◆ Work task
Restrict the output to the lines below starting at the one that contains "Bianco Dolomite Marble" and ending at the one that contains "2009 Toyota Rav4", and restate them word for word, both ends included.
--
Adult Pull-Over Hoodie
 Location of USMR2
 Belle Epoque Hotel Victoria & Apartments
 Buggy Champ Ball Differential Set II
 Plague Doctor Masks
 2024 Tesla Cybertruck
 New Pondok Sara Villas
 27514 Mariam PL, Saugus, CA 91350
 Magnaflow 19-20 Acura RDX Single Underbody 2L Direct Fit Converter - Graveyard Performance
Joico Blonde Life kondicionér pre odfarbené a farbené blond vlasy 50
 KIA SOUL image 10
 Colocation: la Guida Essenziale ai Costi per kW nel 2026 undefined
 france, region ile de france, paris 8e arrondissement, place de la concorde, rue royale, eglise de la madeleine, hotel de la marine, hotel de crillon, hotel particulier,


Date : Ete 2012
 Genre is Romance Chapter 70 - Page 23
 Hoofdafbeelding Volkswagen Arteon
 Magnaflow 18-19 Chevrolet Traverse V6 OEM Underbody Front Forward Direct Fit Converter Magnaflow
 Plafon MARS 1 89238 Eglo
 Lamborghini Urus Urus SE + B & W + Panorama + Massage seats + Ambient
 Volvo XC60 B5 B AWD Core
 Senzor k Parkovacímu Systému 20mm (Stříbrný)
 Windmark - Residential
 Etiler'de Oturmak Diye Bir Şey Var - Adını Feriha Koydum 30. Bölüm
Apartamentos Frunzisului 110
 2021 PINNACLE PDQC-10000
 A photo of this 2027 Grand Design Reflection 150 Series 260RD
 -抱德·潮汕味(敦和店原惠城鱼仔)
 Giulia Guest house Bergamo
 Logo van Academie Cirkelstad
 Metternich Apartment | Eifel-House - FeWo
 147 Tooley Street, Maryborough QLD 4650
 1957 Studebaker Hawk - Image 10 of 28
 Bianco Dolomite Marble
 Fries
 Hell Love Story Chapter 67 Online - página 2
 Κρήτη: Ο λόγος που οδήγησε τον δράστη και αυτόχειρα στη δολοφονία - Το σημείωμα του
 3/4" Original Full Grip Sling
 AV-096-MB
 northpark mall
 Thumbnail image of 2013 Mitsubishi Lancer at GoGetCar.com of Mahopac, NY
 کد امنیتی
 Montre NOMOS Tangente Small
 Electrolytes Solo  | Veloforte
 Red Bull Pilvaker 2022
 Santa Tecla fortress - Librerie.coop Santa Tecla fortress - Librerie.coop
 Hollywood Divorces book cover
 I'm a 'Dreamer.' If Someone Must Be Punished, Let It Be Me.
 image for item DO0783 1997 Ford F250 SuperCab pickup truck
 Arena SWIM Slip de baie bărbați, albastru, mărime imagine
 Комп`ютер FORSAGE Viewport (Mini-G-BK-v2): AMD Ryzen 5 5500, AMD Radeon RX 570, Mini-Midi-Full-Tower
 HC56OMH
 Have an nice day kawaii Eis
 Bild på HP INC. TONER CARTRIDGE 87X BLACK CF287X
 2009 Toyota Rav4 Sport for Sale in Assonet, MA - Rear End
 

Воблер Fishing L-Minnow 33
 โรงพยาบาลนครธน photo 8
--
◆ Solution for this problem
 Bianco Dolomite Marble
 Fries
 Hell Love Story Chapter 67 Online - página 2
 Κρήτη: Ο λόγος που οδήγησε τον δράστη και αυτόχειρα στη δολοφονία - Το σημείωμα του
 3/4" Original Full Grip Sling
 AV-096-MB
 northpark mall
 Thumbnail image of 2013 Mitsubishi Lancer at GoGetCar.com of Mahopac, NY
 کد امنیتی
 Montre NOMOS Tangente Small
 Electrolytes Solo  | Veloforte
 Red Bull Pilvaker 2022
 Santa Tecla fortress - Librerie.coop Santa Tecla fortress - Librerie.coop
 Hollywood Divorces book cover
 I'm a 'Dreamer.' If Someone Must Be Punished, Let It Be Me.
 image for item DO0783 1997 Ford F250 SuperCab pickup truck
 Arena SWIM Slip de baie bărbați, albastru, mărime imagine
 Комп`ютер FORSAGE Viewport (Mini-G-BK-v2): AMD Ryzen 5 5500, AMD Radeon RX 570, Mini-Midi-Full-Tower
 HC56OMH
 Have an nice day kawaii Eis
 Bild på HP INC. TONER CARTRIDGE 87X BLACK CF287X
 2009 Toyota Rav4 Sport for Sale in Assonet, MA - Rear End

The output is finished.